Y en ese espejo es imposible no ver un reflejo contemporáneo. Doom como ese líder que promete orden, soluciones rápidas y grandeza nacional/global; que se ofrece como mediador universal, que redibuja mapas, que decide quién es problema y quién no. No hace falta insistir demasiado: el paralelismo con ciertos líderes actuales —bronceados, mesiánicos, convencidos de poder arreglarlo todo ellos solos— flota en el aire como el olor a ozono antes de la tormenta. Un guiño, no un panfleto. Marvel siendo Marvel cuando se atreve a mirar alrededor.

Fascismo amable, horror silencioso

One World Under Doom acierta al no presentar un régimen de terror explícito. El horror aquí es blando, administrativo, casi cómodo. El mundo perfecto… a costa de algo.
Ese “algo” llega cuando descubrimos que la magia de Doom se alimenta literalmente de millones de almas, y cuando su necesidad de control empieza a desbordarse incluso para él mismo.

El momento clave —y el corazón emocional del evento— es Valeria Richards. La muerte accidental de su ahijada no redime a Doom, pero lo desnuda. No se arrepiente del mundo que ha impuesto. Se rompe solo por ella. Y eso lo hace, paradójicamente, más humano y más aterrador: Doom no es un monstruo sin sentimientos; es un hombre convencido de que el fin justifica cualquier medio.

Un evento que entiende a su protagonista

North nunca pierde el foco: este no es un evento coral al uso. Es la tragedia de Doom. Todo orbita alrededor de él, para bien y para mal. Algunos personajes quedan desdibujados, sí. El ritmo fluctúa, especialmente en el tramo final. Pero como retrato definitivo del Doctor Muerte, el resultado es casi impecable.

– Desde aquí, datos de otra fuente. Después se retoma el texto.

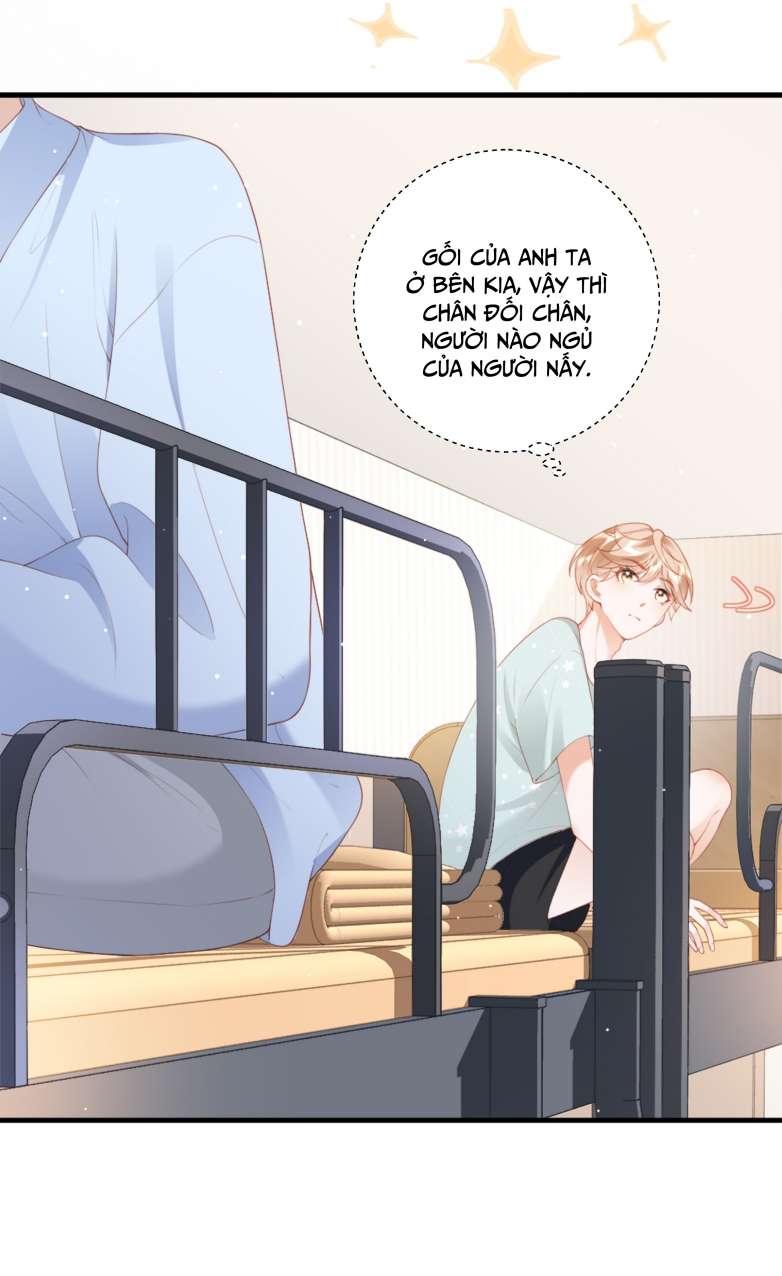 Đối Tượng Kinh Doanh Không Quá Hợp Chapter 7 - Trang 17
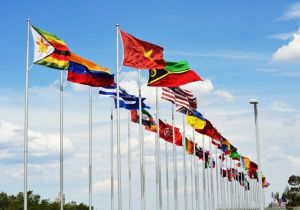 Country Flags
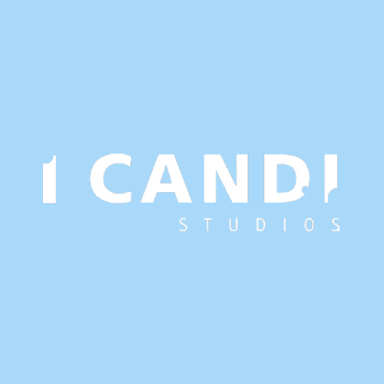 I Candi Studios logo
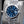 Rolex Datejust 126300 Blue Dial Smooth Jubilee 41mm Box & Papers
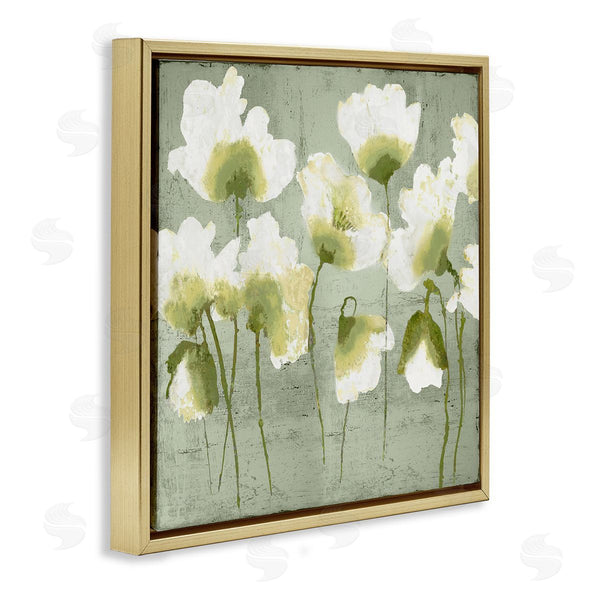 Stupell Industries Vanessa Austin | Charming Flower Impressions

Visualmente, RB Silva firma un trabajo descomunal. Escala cósmica, arquitectura imposible, entidades abstractas que empequeñecen a los dioses… y, de pronto, el cuerpo destrozado de una niña. El contraste es brutal. La épica nunca anula lo íntimo.
El color de David Curiel —ese verde Doom omnipresente— convierte cada página en una declaración de poder. Doom no solo gobierna el mundo: contamina la viñeta.

¿Evento histórico o gran cómic… sin colmillos?

¿Se queda corto políticamente? Puede ser. Coquetea con ideas potentísimas sobre el autoritarismo contemporáneo, pero rara vez muerde del todo. Disney sigue estando detrás. El sistema se restablece. El statu quo respira.
Pero incluso así, pocas veces un evento Marvel reciente ha sido tan consciente de lo que está contando.

One World Under Doom no pregunta “¿es Doom malo?”. Pregunta algo mucho más incómodo:
¿cuántos estaríamos dispuestos a aceptarlo… si el mundo fuera un poco más habitable mañana?

Veredicto

Un evento ambicioso, irregular por momentos, pero conceptualmente brillante. Fascinante como pieza política, demoledor como estudio de personaje y espectacular como arte secuencial.
Doom gana. Pierde. Ama. Y desaparece dejando un mundo que ya no puede fingir que todo era tan sencillo antes.

⭐⭐⭐⭐☆
Marvel cuando se pone adulta. Y Doom cuando se cree Dios… con razones de sobra.